╔══

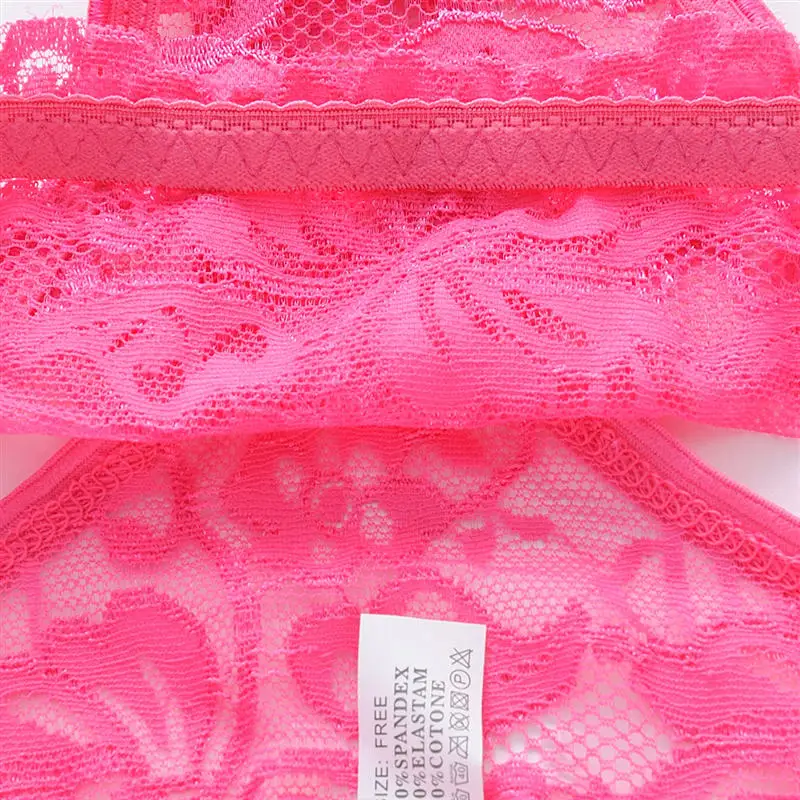 Sexy Women G-string Thongs Lace Floral Sheer Low Waist Underwear Soft Lingerie Cotton Crotch Briefs Seamless Panties Party  39 (6)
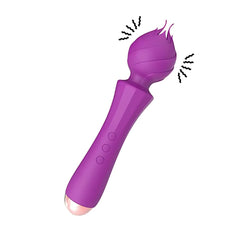 Vibrator Tip Bagheta Cu Silicon Premium — Stimulare Exterioară Intensă 💖✨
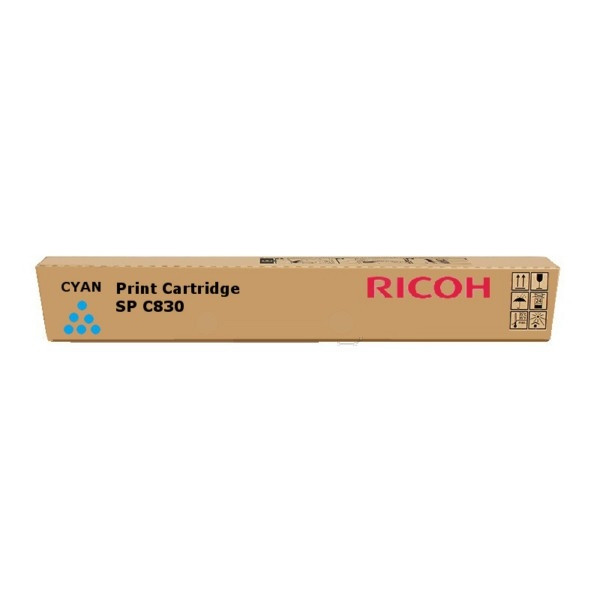 Ricoh SP C830 toner niebieski oryginalny 821124 821188 073712 - 1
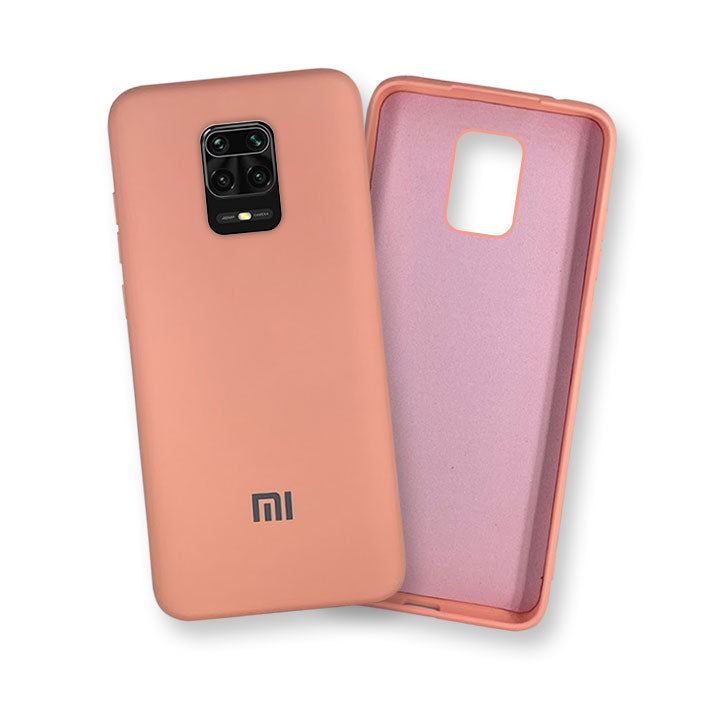 Redmi Note 9 Pro Max Silicone Cover - Pink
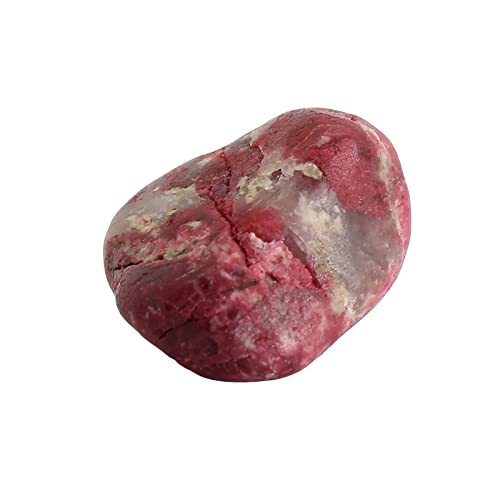 Budawi® Thulit Trommelstein 30-35 mm Naturstein in Handsteinqualität Lieferung im Organzasäckchen ideal für Achtsamkeit Meditation Energiestein oder als Geschenk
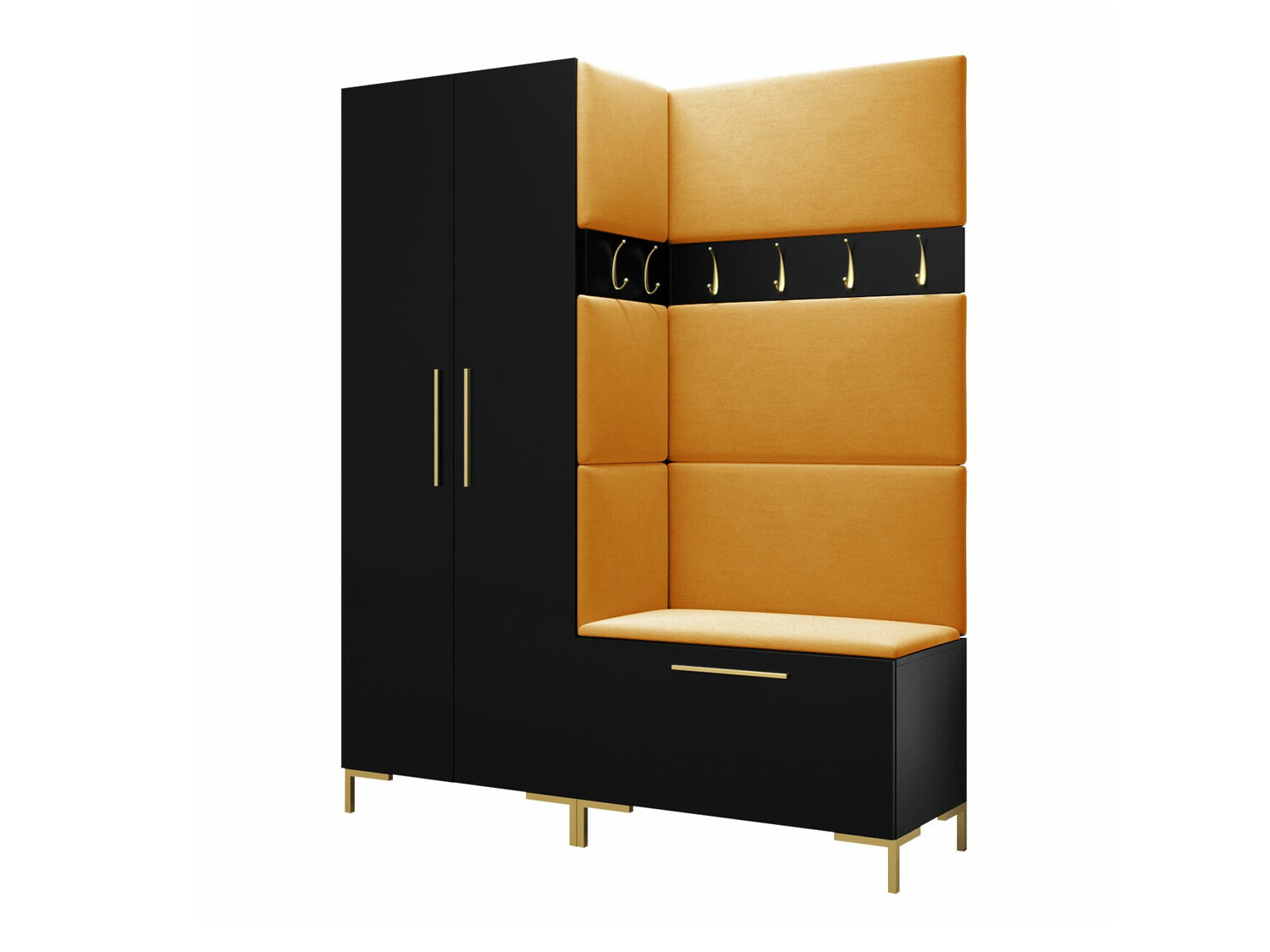 Esikukomplekt Tivsoa 100 (Must)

╚══

### WORK REQUIRED
Give back every entry in its exact wording, leaving the pictures out.

### ANSWER TO THE PROBLEM
 Sexy Women G-string Thongs Lace Floral Sheer Low Waist Underwear Soft Lingerie Cotton Crotch Briefs Seamless Panties Party  39 (6)
 Vibrator Tip Bagheta Cu Silicon Premium — Stimulare Exterioară Intensă 💖✨
 Ricoh SP C830 toner niebieski oryginalny 821124 821188 073712 - 1
 Redmi Note 9 Pro Max Silicone Cover - Pink
 Budawi® Thulit Trommelstein 30-35 mm Naturstein in Handsteinqualität Lieferung im Organzasäckchen ideal für Achtsamkeit Meditation Energiestein oder als Geschenk
 Esikukomplekt Tivsoa 100 (Must)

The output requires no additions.